4. The time complexity of merge sort is O(nlogn), which is very stable

5. The space complexity of merge sort is O(n), because merging arrays requires creating new arrays, so they are not sorted in place.

6. Merge sort is a stable sort. For example, if the elements in a1 and a2 have the same value, the elements of a1 are first added to the merged array according to the convention.

22. Quick Sort

1.Quick sorting is to take one element in the array as the partition value each time.The value of the element in the array is placed on the left side of the array, and the value greater than the value is placed on the right side.
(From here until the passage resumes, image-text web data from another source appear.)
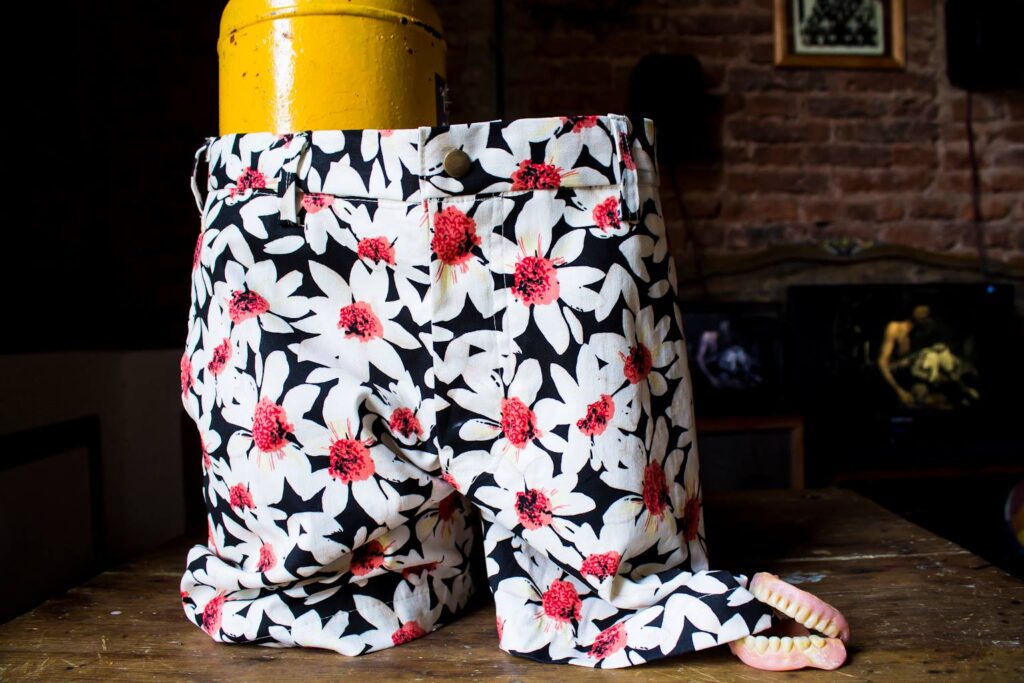 43706448 2212132175463482 4973844859191296000 n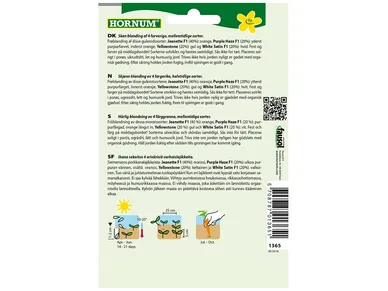 5708787013651_HORNUM_KESÄPORKKANA_MIX_1 kuva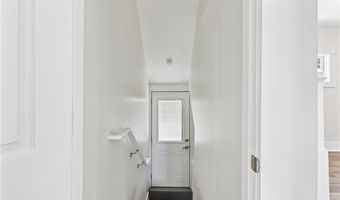 1551 Preston Ave, Akron, OH 44305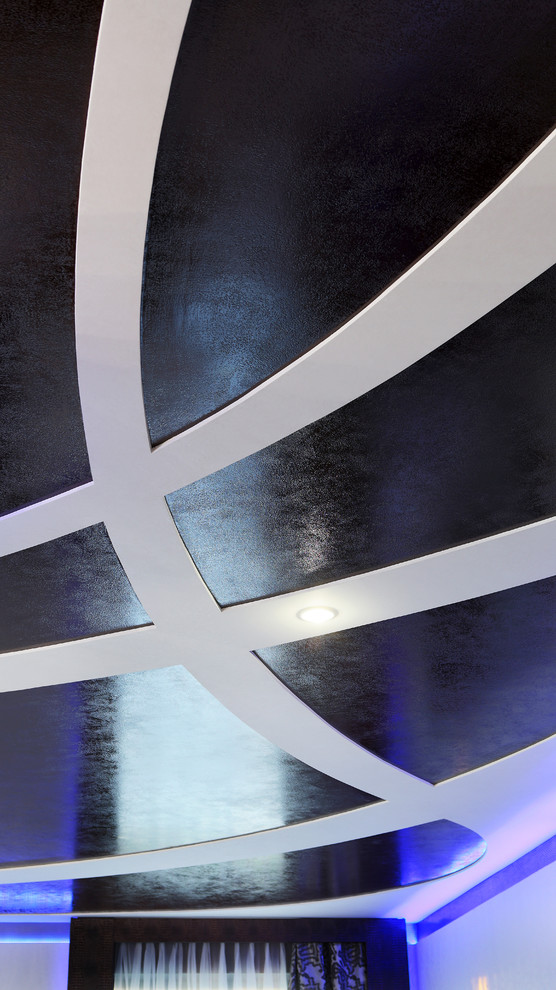 КВАРТИРА В ЖК НА  УЛ. КОСЫГИНА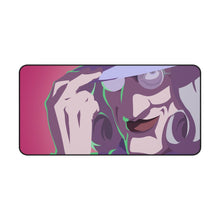 Load image into Gallery viewer, Anime FullMetal Alchemist Mouse Pad (Desk Mat)
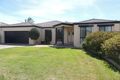 Property photo of 2 Curtin Place Shepparton VIC 3630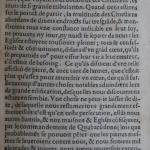 p. 89.JPG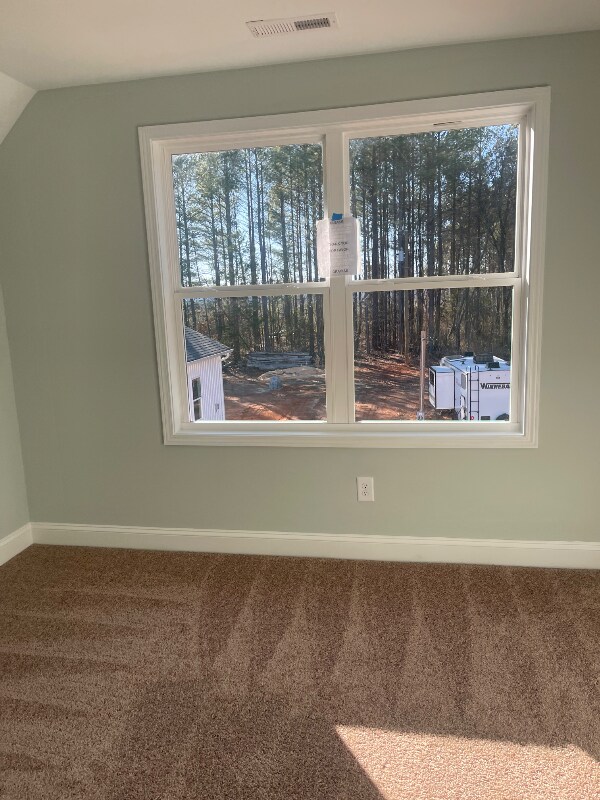 Building Photo - 165 Farmer Johns Trail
2. Then sort the left and right sides separately and execute recursively.

3. Pseudo code

public void sort ( int [] arr) { quickSort(arr, 0 , arr.length- 1 ); } public void quickSort ( int [] arr, int startIndex, int endIndex) { if (arr == null || startIndex >= endIndex){ return ; } int pivot = partition(arr, startIndex, endIndex); quickSort(arr, startIndex, pivot- 1 ); quickSort(arr, pivot + 1 , endIndex); } public int partition ( int [] arr, int startIndex, int endIndex) { int value = arr[endIndex]; int pivot = endIndex; for ( int i = startIndex; i<endIndex- 1 ; i++){ if (a[i ] <value){ if (pivot == endIndex){ if (i != startIndex){ swap(i, startIndex); } pivot = startIndex; } else { swap(pivot + 1 , i); pivot++; } } } if (pivot != endIndex){ pivot = pivot + 1 ; swap(endIndex, pivot); } return pivot; } Copy code

4. The time complexity of quicksort is O(nlogn), and the worst time complexity is O(n^2).

5.Quick sort is in-situ sorting, because it does not involve creating a new array and sorts the array elements directly.

6. Fast sorting is not a stable sorting. It is designed to exchange array elements. There are two situations that will cause the order of elements with the same value to change.